①教育という”負債”が個々人に負わせられる仕組み
教育は直接的な生産につながらない投資。
雇用が流動化した状態では、教育済みの人員(”即戦力”)を雇用する方が高効率。
他社に教育させた人員をヘッドハントするとさらに高効率。
結果、企業にとって教育はハイリスクな投資になるので、全体として教育不足になる。
労働者(候補)に自費+私的な時間を使った”自己投資”を求めるのが最高効率(大学の就職予備校化もその一例)。
ここまでがこの30年ほどの流れだったのではないか。個人が企業から切り離されることで、教育は企業にとっての負債となり、その負債が個々の労働者に転嫁された。

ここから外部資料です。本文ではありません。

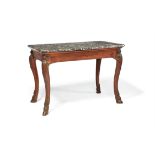 An oak and marble topped centre table or table à gibier in 18th century style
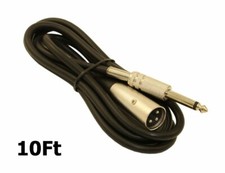 10FT XLR 3-Pin Male to 6.35mm 1/4" Mono Male Mic Microphone Sound Audio Cable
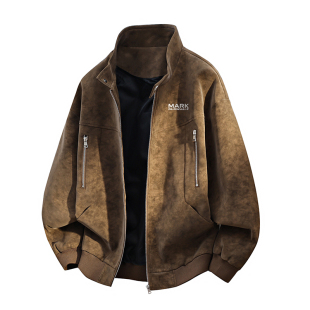 马克华菲立领工装夹克男款2026新款春季美式上衣男士春装皮衣外套
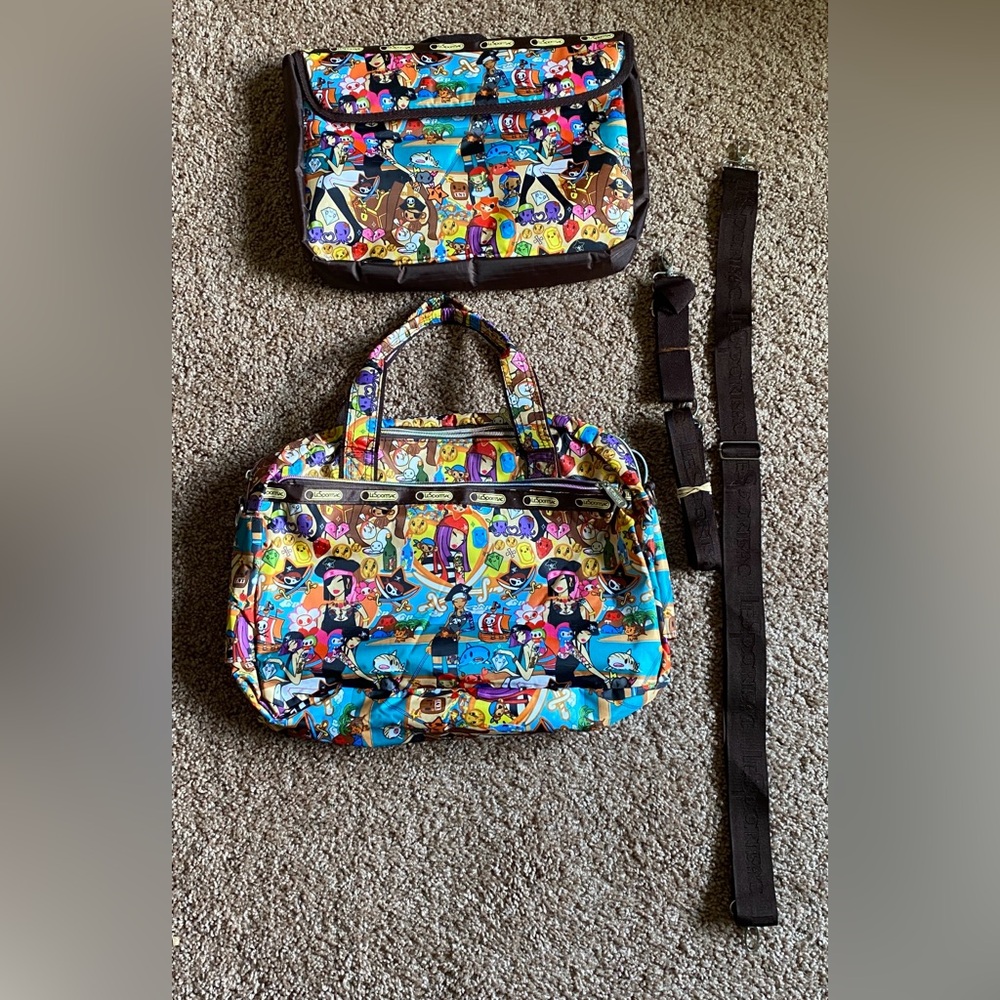 LeSportsac Tokidoki Tote Bag and Laptop Bag Pirate Theme Like New Never Used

(ここでいう「企業」は仕組みとしてのそれであって、その中のすべての個人が負債を転嫁される対象であることに注意する必要がある。”企業内の誰かが不当にいい目を見ている”のではなく、”大多数が不幸になる状態になっている”という話)
②タイミー地獄
”自己投資”の元手がない人間は、最低限の教育しか必要としない職に就くしかない。
業務外での教育を必要としない職でも、その業務に特殊な部分=教育となる範囲は大いにあるので、現場経験を積む中で熟練労働者になれる。

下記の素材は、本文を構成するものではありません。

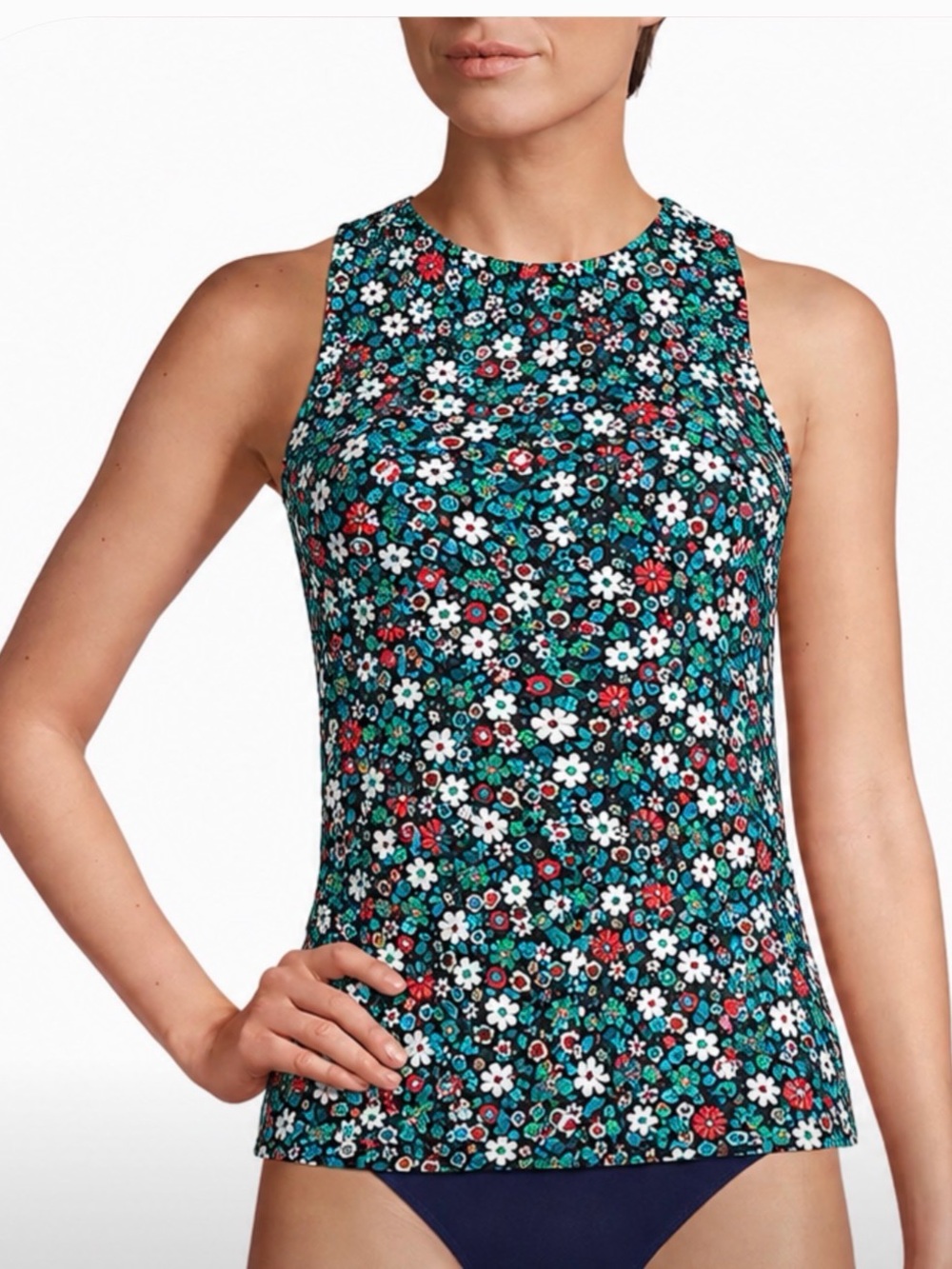 Ditsy Floral Tankini Top in Teal Multi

雇用がさらに流動化し日雇い以下の時間雇いが登場すると、業務特殊な部分への最低限の教育すら”負債”になるようになる(”タイミーさん”の扱いを見よ)。
結果、特殊性の全くない業務しか行わない職が生まれる。
特殊性の全くない業務には”熟練”できない。
脱出不能の貧民生産装置が完成する。
③”自己投資”
労働のために”自己投資”をするかどうかは自己責任に帰される。”資本”=時間+費用を労働以外に投入する自由は否定されない。
これ自体は個々人の現状における最適解の選択の問題として考えると何も問題はない。自由があって結構。
しかし、合成の誤謬が生じるように思える。大多数が”自己投資”を選択することによって、それ以外の選択をとることの不都合が極端に大きくなる。結果として実質的に”資本”の投入先の自由が失われる。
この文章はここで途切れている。